Today’s interview features Todd Lipcon, software engineer for Cloudera. Todd will be presenting Optimizing MapReduce Job Performance at Hadoop Summit.
Question: Tell us about your current role and how you interact with Apache Hadoop?
Todd: I’m a software engineer on Cloudera’s platform engineering team, where I spend most of my time contributing code to open source projects like Apache Hadoop and Apache HBase. Most recently I’ve been implementing the automatic HA failover feature in Hadoop 2.0, but I’ve also spent a lot of time working on understanding and improving performance of the Hadoop stack.
Question: Tell us about your Hadoop Summit presentation?
Todd: At this year’s summit, I will be presenting about the internals of MapReduce and how you can tune your MapReduce jobs for optimal performance. A lot of developers see MapReduce as a black box, but looking inside that box can help you understand where you might have bottlenecks or easy opportunities to improve performance by changing a few configuration parameters.

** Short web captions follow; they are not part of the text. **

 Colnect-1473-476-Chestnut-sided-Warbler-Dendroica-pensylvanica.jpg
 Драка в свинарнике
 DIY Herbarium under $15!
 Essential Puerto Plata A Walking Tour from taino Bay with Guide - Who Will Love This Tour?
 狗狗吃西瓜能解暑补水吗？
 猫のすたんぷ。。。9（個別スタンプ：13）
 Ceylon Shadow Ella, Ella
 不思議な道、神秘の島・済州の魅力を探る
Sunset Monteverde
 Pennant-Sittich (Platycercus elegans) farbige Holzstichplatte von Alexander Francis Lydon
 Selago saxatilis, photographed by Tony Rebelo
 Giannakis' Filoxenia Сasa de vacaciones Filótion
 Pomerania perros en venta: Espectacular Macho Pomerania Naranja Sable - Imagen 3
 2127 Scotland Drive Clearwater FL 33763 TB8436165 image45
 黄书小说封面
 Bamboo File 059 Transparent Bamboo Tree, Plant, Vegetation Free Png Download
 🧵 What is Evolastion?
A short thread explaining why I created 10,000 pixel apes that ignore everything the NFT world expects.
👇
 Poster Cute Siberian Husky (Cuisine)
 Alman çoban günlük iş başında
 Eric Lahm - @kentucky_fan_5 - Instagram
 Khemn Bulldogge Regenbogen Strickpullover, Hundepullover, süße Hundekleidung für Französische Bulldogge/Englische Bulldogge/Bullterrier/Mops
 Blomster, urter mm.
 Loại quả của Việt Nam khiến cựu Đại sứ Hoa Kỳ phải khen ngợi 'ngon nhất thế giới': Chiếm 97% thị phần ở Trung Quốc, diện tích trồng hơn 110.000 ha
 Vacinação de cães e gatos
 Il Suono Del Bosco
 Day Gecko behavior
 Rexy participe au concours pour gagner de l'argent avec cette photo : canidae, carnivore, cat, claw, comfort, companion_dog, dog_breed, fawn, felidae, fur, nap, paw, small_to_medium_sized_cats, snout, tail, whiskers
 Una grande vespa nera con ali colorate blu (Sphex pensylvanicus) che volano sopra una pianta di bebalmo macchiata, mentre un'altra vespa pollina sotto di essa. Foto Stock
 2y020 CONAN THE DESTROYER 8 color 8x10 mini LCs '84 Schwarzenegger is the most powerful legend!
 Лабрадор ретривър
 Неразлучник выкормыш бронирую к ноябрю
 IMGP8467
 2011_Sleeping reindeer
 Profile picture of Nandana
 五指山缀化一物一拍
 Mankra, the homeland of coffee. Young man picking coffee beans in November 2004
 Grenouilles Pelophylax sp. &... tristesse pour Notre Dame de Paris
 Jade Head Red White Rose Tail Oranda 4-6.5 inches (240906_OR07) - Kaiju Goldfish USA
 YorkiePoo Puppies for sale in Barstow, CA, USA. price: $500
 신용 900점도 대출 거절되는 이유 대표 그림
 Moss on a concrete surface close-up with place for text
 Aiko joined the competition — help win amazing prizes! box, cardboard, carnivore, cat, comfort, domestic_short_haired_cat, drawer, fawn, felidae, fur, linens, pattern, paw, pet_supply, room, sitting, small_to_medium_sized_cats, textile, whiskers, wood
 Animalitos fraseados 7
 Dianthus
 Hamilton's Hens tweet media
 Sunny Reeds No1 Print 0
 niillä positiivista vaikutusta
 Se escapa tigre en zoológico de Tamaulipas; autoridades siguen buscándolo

Question: What do you expect will be the key takeaway for folks attending your session?
Todd: I hope attendees will walk away with a better understanding of each of the phases of MapReduce task execution, and a few key configuration parameters they can play with to get better performance without changing their code.
Question: What other presentations are you most looking forward to attending?
Todd: I’m really looking forward to Josh Wills’ talk on BranchReduce: Distributed Branch-and-Bound on YARN. There are a lot of optimization problems which can be solved by branch-and-bound approaches, and it’s only recently with the introduction of YARN that these types of algorithms can be efficiently built on Hadoop. Not only this a fresh topic, Josh is also an entertaining speaker!